Выбрать главу

Под всем этим воображаемая картинка – Жан-Люк, мой предшественник, висящий где-то в невесомости в своей ледяной могиле.

Замерзший, возможно, навек.

Я закрываю глаза, блокируя свет, льющийся через щель в жалюзи, и вспоминаю документальный фильм о ледолазании, который смотрела с Беном за несколько месяцев до аварии. Нас обоих загипнотизировало, когда альпинист упал назад в расщелину, а его ноги опасно зависли над пропастью. Страх в его дыхании, прерывистом и учащенном, когда он опустился в ту бескрайнюю синюю пустоту.

Что чувствовал Жан-Люк в тот момент, когда натяжение страховочного троса исчезло и он рухнул в ледяные глубины?

Какой ужас? Какое недоверие?

Я надеюсь, что его страдание было секундным, что удар головой лишил его сознания. Что он не лежал там долгие минуты, пока холод просачивался в его кости, зная, что у него нет абсолютно никакого шанса на спасение.

Отогнав эту картину, я выбираюсь из кровати, еле шевеля неповоротливыми и уставшими конечностями, и роюсь в шкафу в поисках таблеток. Бутылка уже стала заметно легче. Я хмуро заглядываю внутрь, вспоминая свое решение завязать с этой привычкой по прибытии на лед.

Где еще, как не в Антарктике, думала я. Вдалеке от привычной рутины, от искушения блокнота для выписки рецептов.

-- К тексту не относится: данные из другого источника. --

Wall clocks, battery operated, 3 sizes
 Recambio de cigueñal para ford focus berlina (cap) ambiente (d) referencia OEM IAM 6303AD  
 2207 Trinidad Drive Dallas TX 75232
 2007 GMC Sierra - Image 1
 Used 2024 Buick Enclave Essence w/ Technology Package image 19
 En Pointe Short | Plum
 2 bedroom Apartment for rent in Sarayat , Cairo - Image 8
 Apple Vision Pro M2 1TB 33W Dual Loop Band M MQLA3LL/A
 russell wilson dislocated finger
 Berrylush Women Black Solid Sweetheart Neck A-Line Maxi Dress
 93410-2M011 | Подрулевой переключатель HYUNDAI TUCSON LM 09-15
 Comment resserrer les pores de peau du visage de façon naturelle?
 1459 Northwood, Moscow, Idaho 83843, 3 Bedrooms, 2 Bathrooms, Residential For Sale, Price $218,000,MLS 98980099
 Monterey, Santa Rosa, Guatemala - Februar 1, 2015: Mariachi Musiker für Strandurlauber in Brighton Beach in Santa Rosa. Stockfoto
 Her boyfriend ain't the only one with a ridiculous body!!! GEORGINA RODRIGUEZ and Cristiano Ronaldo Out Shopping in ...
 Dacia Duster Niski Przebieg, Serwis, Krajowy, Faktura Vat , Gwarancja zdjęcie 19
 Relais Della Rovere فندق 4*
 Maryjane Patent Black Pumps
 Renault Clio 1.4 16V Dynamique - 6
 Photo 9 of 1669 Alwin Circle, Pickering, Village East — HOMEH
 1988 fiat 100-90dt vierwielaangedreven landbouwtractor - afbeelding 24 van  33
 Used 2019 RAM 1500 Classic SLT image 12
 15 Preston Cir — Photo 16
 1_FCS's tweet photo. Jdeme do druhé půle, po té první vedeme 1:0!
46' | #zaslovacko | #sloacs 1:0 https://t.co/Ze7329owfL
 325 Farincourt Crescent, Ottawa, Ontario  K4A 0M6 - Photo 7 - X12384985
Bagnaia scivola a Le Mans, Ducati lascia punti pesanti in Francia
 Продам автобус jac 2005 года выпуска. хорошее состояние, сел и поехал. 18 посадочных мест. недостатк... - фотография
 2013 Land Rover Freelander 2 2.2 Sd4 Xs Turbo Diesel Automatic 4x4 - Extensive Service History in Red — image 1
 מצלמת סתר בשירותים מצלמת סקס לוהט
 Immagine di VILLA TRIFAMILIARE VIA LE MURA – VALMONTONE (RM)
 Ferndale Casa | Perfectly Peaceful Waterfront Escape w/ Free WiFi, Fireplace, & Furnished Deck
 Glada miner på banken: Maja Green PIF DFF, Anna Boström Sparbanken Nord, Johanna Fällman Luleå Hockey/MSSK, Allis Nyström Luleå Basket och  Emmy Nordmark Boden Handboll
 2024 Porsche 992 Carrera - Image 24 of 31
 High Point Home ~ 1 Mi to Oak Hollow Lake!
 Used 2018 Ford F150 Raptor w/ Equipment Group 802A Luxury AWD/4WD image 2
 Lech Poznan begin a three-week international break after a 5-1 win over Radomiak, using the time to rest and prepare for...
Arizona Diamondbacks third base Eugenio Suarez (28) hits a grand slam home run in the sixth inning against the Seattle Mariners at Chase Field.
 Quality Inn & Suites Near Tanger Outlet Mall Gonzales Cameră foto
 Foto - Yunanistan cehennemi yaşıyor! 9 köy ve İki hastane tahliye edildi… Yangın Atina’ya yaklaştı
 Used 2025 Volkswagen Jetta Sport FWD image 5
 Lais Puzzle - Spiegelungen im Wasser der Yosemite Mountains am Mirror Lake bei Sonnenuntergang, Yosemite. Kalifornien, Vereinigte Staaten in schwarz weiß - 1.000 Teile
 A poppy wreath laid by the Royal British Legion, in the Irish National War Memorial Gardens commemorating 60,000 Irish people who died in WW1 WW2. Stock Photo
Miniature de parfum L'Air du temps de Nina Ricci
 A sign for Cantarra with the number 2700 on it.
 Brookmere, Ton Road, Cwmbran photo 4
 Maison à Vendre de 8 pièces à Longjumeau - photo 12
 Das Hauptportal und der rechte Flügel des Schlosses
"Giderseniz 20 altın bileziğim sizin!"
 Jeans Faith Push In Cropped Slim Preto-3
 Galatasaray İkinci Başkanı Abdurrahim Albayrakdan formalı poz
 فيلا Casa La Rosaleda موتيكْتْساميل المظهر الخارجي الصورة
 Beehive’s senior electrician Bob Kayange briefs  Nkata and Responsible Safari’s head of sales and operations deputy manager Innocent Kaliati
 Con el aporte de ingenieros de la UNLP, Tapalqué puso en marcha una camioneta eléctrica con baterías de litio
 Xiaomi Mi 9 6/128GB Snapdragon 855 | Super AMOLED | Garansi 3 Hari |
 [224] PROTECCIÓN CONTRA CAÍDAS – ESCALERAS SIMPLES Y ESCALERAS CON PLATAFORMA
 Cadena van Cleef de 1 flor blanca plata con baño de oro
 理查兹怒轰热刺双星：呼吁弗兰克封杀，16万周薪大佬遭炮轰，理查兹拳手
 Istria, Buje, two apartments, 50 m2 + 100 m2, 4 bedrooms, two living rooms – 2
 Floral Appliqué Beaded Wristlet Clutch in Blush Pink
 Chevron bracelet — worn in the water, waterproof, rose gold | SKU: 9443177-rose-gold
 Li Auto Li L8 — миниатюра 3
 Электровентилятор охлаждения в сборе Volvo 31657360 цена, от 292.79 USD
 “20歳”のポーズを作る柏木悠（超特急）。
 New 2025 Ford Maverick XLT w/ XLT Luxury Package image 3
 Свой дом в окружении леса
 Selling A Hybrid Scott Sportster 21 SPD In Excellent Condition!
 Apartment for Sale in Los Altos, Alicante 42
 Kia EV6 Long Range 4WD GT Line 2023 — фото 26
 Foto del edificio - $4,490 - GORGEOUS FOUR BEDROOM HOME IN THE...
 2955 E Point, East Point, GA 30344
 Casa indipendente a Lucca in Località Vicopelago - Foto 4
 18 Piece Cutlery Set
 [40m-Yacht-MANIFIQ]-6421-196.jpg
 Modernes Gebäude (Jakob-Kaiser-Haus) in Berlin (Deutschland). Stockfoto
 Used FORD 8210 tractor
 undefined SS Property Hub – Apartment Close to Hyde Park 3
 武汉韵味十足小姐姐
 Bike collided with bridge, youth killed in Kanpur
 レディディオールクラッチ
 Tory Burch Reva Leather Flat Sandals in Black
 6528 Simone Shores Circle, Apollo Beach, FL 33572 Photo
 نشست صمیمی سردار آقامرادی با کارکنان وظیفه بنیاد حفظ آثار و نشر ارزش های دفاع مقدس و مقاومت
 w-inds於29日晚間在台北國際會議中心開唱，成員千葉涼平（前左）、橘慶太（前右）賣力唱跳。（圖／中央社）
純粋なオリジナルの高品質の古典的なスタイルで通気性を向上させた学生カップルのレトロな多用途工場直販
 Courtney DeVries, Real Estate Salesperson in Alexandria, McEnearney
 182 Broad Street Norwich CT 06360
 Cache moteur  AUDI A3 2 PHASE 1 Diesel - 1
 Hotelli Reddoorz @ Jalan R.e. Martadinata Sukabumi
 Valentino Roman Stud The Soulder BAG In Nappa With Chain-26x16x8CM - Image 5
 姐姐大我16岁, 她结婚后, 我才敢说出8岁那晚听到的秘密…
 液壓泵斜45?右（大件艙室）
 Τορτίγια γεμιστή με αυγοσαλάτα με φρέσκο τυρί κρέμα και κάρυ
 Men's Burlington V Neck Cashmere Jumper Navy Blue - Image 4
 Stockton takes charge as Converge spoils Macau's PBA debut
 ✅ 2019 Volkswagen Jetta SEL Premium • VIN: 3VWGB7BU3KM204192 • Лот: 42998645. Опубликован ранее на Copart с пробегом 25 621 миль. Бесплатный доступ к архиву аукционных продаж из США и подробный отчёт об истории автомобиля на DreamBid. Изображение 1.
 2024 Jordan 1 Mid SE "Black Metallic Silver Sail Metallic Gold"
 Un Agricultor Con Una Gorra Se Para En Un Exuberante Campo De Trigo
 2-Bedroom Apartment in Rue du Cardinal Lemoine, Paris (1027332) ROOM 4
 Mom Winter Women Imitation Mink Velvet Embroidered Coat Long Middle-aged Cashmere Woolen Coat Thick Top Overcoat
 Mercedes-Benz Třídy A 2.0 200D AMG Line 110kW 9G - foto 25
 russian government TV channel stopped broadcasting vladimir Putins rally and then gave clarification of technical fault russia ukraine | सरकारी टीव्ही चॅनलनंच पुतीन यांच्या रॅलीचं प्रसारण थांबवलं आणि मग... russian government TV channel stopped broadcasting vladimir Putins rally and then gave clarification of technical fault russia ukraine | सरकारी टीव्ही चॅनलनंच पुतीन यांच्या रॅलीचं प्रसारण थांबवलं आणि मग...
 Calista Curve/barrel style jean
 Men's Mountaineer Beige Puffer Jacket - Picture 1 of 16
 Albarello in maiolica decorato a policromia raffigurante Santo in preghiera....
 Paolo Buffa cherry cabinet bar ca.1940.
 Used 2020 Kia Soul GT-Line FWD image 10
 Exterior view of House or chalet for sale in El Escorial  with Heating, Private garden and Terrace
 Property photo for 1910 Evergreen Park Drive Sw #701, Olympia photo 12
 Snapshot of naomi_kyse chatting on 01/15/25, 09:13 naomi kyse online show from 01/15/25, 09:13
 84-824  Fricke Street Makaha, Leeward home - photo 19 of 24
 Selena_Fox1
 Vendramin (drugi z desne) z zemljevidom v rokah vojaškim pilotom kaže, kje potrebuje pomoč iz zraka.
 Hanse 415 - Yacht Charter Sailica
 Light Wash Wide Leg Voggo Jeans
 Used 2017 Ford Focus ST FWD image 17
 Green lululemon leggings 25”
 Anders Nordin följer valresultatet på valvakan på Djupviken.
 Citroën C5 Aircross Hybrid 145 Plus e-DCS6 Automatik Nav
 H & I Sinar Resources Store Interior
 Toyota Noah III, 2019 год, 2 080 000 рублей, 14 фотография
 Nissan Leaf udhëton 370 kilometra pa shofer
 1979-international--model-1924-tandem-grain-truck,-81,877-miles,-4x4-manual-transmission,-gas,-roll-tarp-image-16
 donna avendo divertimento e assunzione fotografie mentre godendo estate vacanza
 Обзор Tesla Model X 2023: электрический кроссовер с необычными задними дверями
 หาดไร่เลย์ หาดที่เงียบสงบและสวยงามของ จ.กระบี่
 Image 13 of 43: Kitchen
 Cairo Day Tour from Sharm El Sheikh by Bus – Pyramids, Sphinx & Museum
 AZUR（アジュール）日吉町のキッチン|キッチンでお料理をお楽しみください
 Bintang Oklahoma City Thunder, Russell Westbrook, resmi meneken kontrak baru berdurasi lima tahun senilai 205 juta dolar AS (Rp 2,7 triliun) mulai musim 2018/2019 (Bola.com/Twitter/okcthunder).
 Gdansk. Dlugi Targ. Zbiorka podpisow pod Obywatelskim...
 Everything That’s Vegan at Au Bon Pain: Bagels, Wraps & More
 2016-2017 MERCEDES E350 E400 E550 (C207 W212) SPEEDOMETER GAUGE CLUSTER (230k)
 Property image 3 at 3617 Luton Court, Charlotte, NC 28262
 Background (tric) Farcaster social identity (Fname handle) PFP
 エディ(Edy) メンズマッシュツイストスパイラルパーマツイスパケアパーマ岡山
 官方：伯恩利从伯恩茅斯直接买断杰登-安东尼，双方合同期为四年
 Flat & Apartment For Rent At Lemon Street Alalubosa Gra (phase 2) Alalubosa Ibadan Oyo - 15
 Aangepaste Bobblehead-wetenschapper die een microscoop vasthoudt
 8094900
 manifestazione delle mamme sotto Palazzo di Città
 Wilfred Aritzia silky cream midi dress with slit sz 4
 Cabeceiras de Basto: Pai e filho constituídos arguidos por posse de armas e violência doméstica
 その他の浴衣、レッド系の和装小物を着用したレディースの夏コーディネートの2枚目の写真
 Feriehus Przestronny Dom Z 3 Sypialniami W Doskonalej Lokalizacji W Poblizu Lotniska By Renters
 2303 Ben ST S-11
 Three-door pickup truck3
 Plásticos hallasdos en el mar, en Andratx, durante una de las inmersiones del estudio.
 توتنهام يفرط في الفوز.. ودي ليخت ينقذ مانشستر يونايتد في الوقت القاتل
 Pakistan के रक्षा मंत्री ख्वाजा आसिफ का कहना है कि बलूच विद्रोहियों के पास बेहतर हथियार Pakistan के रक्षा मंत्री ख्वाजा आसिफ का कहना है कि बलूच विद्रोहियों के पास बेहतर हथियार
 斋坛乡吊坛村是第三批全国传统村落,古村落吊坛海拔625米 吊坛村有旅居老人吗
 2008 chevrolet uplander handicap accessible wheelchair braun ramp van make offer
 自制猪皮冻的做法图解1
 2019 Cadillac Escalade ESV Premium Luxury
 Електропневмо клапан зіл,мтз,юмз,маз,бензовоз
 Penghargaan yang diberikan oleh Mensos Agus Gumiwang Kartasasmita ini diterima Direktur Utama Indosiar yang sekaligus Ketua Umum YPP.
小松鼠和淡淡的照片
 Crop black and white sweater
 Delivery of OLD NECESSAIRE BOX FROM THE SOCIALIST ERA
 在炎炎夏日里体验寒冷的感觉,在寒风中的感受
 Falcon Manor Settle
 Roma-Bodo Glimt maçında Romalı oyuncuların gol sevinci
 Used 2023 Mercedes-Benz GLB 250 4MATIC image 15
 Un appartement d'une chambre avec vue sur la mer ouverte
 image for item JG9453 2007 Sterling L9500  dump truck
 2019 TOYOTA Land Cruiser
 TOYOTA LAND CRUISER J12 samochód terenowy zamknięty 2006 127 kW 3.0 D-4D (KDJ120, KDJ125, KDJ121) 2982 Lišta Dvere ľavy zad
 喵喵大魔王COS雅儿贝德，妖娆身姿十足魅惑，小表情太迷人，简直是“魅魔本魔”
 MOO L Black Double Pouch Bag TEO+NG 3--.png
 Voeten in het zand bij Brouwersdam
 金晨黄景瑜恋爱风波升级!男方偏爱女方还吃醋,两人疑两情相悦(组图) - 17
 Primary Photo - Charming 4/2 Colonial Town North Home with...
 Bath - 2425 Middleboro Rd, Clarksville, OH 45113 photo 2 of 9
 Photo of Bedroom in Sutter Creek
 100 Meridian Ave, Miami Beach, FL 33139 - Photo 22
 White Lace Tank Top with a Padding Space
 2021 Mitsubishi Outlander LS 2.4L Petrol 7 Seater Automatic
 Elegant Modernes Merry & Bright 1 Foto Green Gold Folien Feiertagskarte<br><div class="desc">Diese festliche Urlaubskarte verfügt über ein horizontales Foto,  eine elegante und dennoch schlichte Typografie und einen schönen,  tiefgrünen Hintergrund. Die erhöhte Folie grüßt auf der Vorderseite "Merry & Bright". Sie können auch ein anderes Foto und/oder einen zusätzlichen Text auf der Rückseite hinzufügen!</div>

Но теперь это не кажется таким легким. После мгновенного колебания и презрения к себе я разжевываю парочку таблеток «Гидрокодона», чтобы они как можно скорее попали в кровь, а затем натягиваю одежду и направляюсь в столовую.

Там только Том сидит в углу, глядя в окно. Он кивает в знак приветствия и отворачивается. Я колеблюсь, изучая его затылок, аккуратную короткую стрижку, безупречно выглаженные рубашку и штаны, раздумывая, стоит ли прилагать усилия, чтобы узнать его получше.

Но что-то в его опущенных плечах, его старательно отведенном взгляде подсказывает мне – он предпочитает, чтобы его не беспокоили. Я варю кофе, делаю тост и ретируюсь в клинику. Работа, как я давно поняла, является антидотом практически ко всему.

В конце концов, она помогла мне выжить после потери Бена.

К счастью, работы было предостаточно. Я провела несколько часов, просматривая разные медицинские эксперименты, доставшиеся мне по наследству как доктору станции. Жан-Люк и Раф уже собрали невероятное количество информации о каждом из зимовщиков: измерения давления, температуры, насыщения кислородом и частоту дыхания плюс еженедельные анализы крови, проверяющие уровни холестерина и гемоглобина. Не говоря уже о регулярных анализах мочи и кала, чтобы следить за тем, как их иммунные системы реагируют на замкнутую окружающую среду, учитывая, что никакие вирусы, бактерии и грибки не могут выжить вне нашего маленького кокона.

Вдобавок к этому есть еще уйма поведенческих данных с наших браслетов, которые мы все должны носить, предназначенных для мониторинга уровня активности, сердцебиения и сна, а также фиксирования нашего местоположения на базе. Вместе с опросниками и видеодневниками все это нацелено на изучение того, как темнота и изоляция влияют на наше настроение и социальное взаимодействие. Наше настоящее настроение, если точнее, а не общественный фасад, который мы пытаемся поддерживать.

Все это, несомненно, немного напоминает Большого Брата. Но мы все на это согласились.

Я разглядываю результаты, надеясь, что они смогут пролить свет на напряжение, которое я уже заметила на станции. Но понять систему оказывается невозможным, и у меня нет сил копать глубже, так что я переключаюсь на другой экран, проверяя расписание тестов.

Вот черт. Анализы крови были запланированы два дня назад, я уже отстаю. Я встаю и открываю шкаф с припасами, ища новые иголки и шприцы. Я как раз вытаскиваю коробку антисептических салфеток, когда замечаю конверт, засунутый под нее. Подбираю его и разглядываю надпись спереди, выведенную длинным отчетливым курсивом, которому французов учат в школе.

Николь Бернас, гласит надпись, с адресом в Лилле. Жена Жан-Люка, предполагаю я, или его мать или сестра.

Но от слов в углу, аккуратно написанных большими английскими буквами, у меня перехватывает дыхание: «НА СЛУЧАЙ МОЕЙ СМЕРТИ».

Что за…? Я недоверчиво пялюсь на слова, потом проверяю заднюю часть: никаких надписей, но конверт крепко запечатан.

Как это оказалось в шкафу с припасами? Жан-Люк спрятал это здесь намеренно?